### THE PROBLEM:
Retype the listing exactly, with no images.

### SUPPLIED DATA:
☆ ☆ ☆ ☆
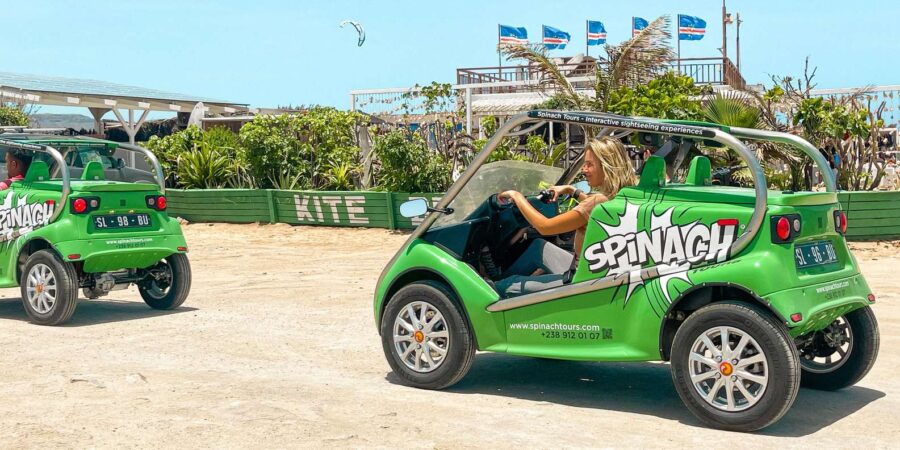Sal Island: 2 Hour Guided Excursion on a Talking Car - Activity Overview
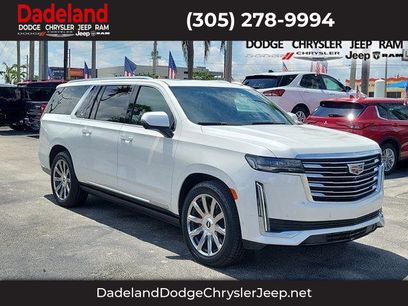 Used 2022 Cadillac Escalade ESV Premium Luxury Platinum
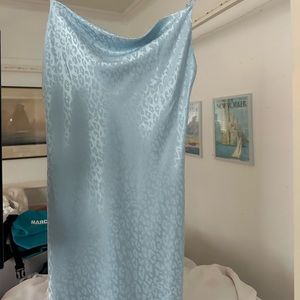 Isabelles cabinet light blue dress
☆ ☆ ☆ ☆
### RESPONSE AREA:
Sal Island: 2 Hour Guided Excursion on a Talking Car - Activity Overview
 Used 2022 Cadillac Escalade ESV Premium Luxury Platinum
 Isabelles cabinet light blue dress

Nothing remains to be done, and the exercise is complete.